## [WHAT YOU HAVE TO DO]
Starting at the line with "2021 Jeep Grand Cherokee L" and ending at the line with "Cara Memilih Busa Sofa Berkualitas Tinggi", print exactly the lines of the entries below. Pictures do not belong in the copy.
═══ RECORD EXTRACTS
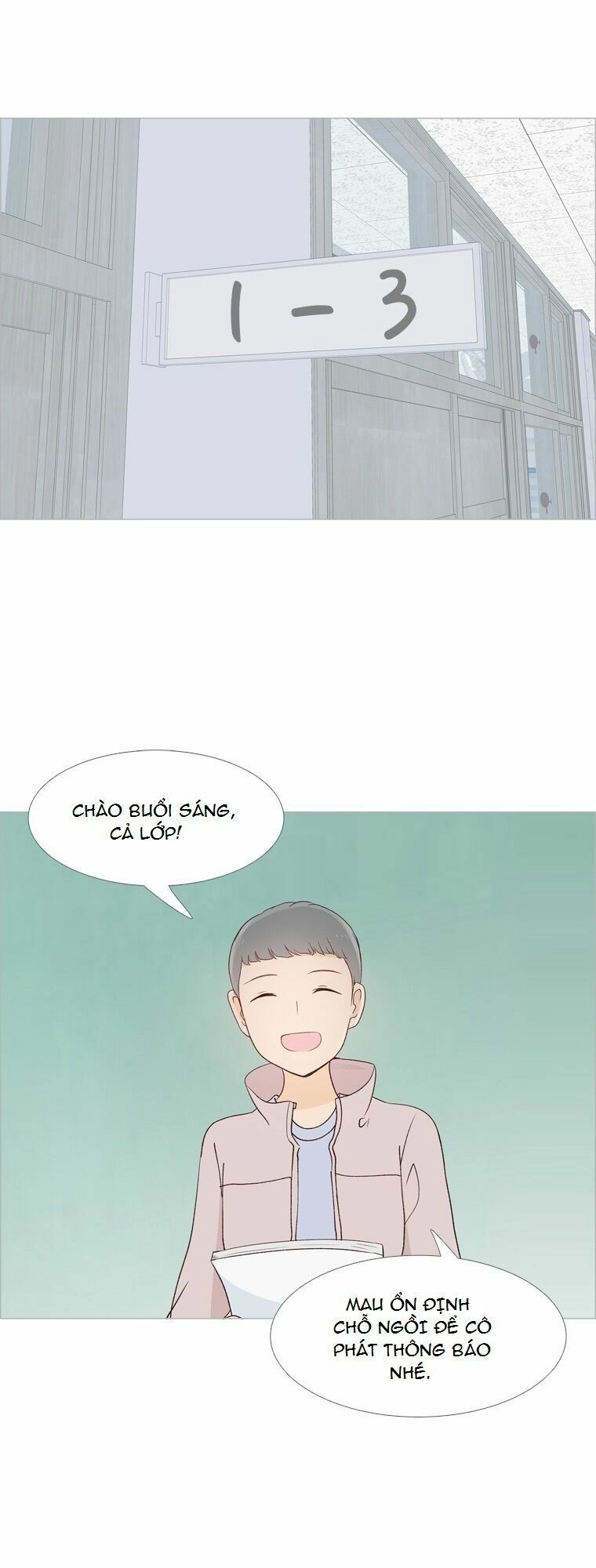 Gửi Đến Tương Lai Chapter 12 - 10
══════
═══ RECORD EXTRACTS
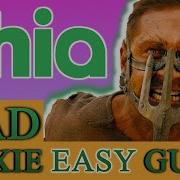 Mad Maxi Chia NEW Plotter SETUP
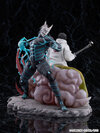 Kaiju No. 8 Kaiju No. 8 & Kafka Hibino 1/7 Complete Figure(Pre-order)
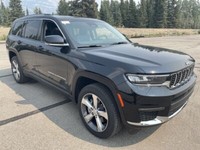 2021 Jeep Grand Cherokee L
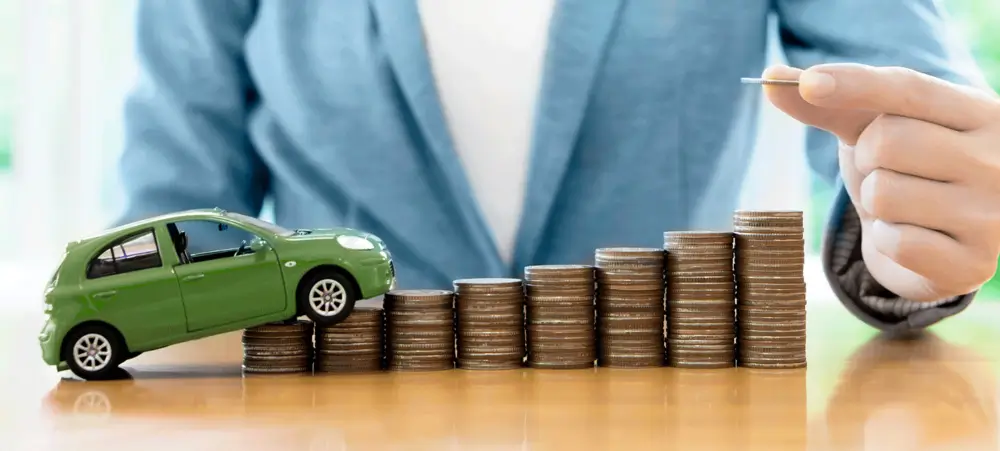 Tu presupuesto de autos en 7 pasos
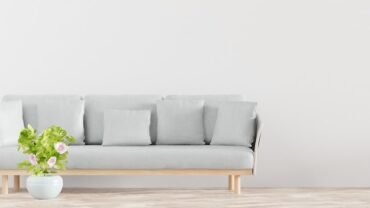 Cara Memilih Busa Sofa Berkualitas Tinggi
══════
## [RESULT FOR THIS TASK]
 2021 Jeep Grand Cherokee L
 Tu presupuesto de autos en 7 pasos
 Cara Memilih Busa Sofa Berkualitas Tinggi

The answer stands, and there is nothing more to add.